Gwen tenía el pelo corto y oscuro, piel morena, una figura esbelta y unos grandes ojos castaños a los que Malloy nunca había podido resistirse. Se habían conocido poco después de que él dejase la agencia, y flotaron juntos durante unos cuantos años antes de casarse. El matrimonio se había celebrado hacía un año aproximadamente. La luna de miel tendría que haber terminado hacía tiempo, pero los dos seguían tonteando y provocándose como un par de adolescentes. Malloy no se quejaba, era la única inocencia que conocía y, en realidad, esperaba que no acabase nunca.

Cuando Gwen vio la maleta, preguntó:

—¿Me dejas por otra?

—Soy demasiado viejo para empezar de cero, Gwen, solo necesito pasar unos días persiguiendo a otra.

—Contigo nunca se acaba el romance, Thomas —repuso ella esbozando una sonrisa irónica mientras salía del ascensor.

—Tengo trabajo fuera. Te he dejado una nota. Siento las prisas, pero...

—¿Fuera dónde?

—Empezaré en Hamburgo y veré dónde me lleva. —¿El Millonario Fugitivo?

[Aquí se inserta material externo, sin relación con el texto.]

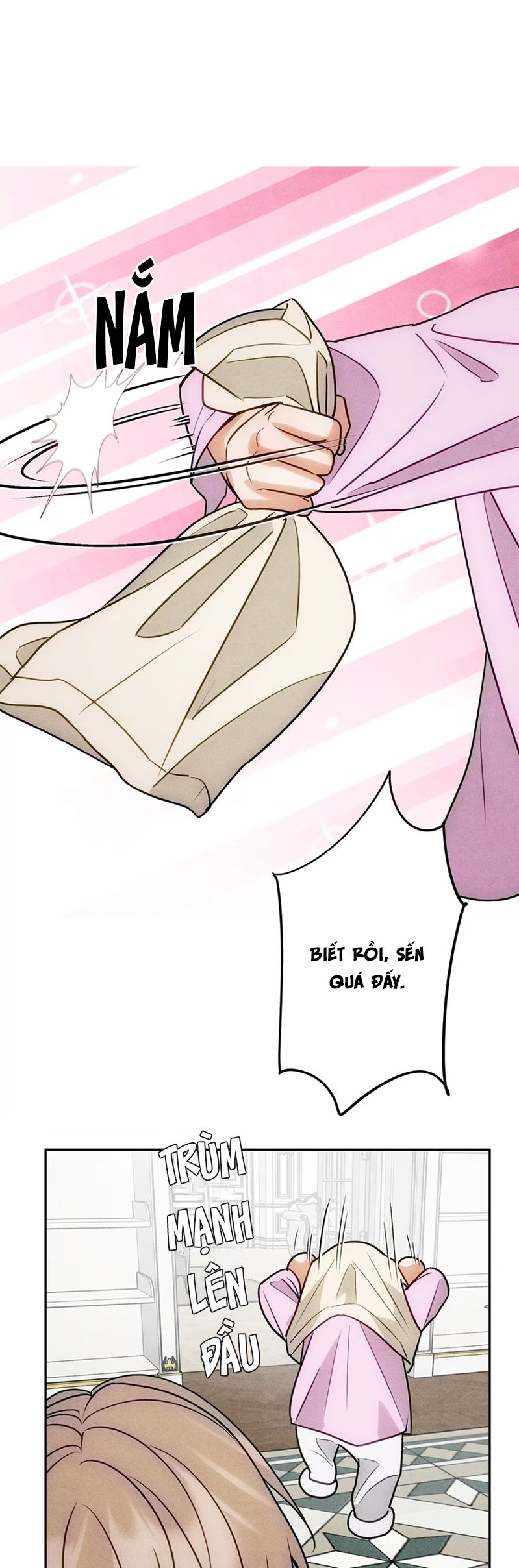 Xuyên Thành Con Ngỗng Vàng Của Đại Lão Alpha Chap 8 - Trang 2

Gwen no veía las noticias, ni leía otra cosa que no fueran las páginas sobre arte, gastronomía o viajes del periódico. Decía que era la única forma de conservar la cordura.

—¿Sabes lo de ese tío? —le preguntó Malloy.

—Despierta, cielo, Jack Farrell es un bombazo.

—El Departamento de Estado me ha prestado al FBI unos días —respondió él, reprimiendo un gruñido e intentando quitarle importancia a su tarea—. Quieren que intente seguirle el rastro a través de las tarjetas de crédito que encontraron.

—¡Eso ya lo tienen!

—Sí, bueno —masculló Malloy cogido en su mentira—, entonces no tardaré mucho. En cuanto encuentre dónde ha metido los quinientos millones, volveré.

—Todavía no han encontrado el dinero, ¿verdad? —lanzó una mirada de reproche al televisor apagado.

—Ni rastro del dinero, ni de Jack, pero tienen su ADN y el ADN de una compañera no identificada... que no es la secretaria. Esa sigue en Barcelona. Parece que a este tío se le dan bien las mujeres. ¿De verdad vas a estar metido en todo esto? —preguntó Gwen emocionada. Malloy intentó poner cara de aburrimiento.

—Metido en el dinero, si puedo encontrarlo.

—No correrás peligro, ¿verdad? —preguntó ella, de repente, al ocurrírsele la idea.

—Ese tío es un desfalcador, Gwen —respondió él entre risas—. Dudo que haya tocado una pistola cargada en toda su vida. Además, no voy a hacer nada más que sentarme a un escritorio y hablar con banqueros —esbozó una sonrisa cansada—. Lo mismo de siempre.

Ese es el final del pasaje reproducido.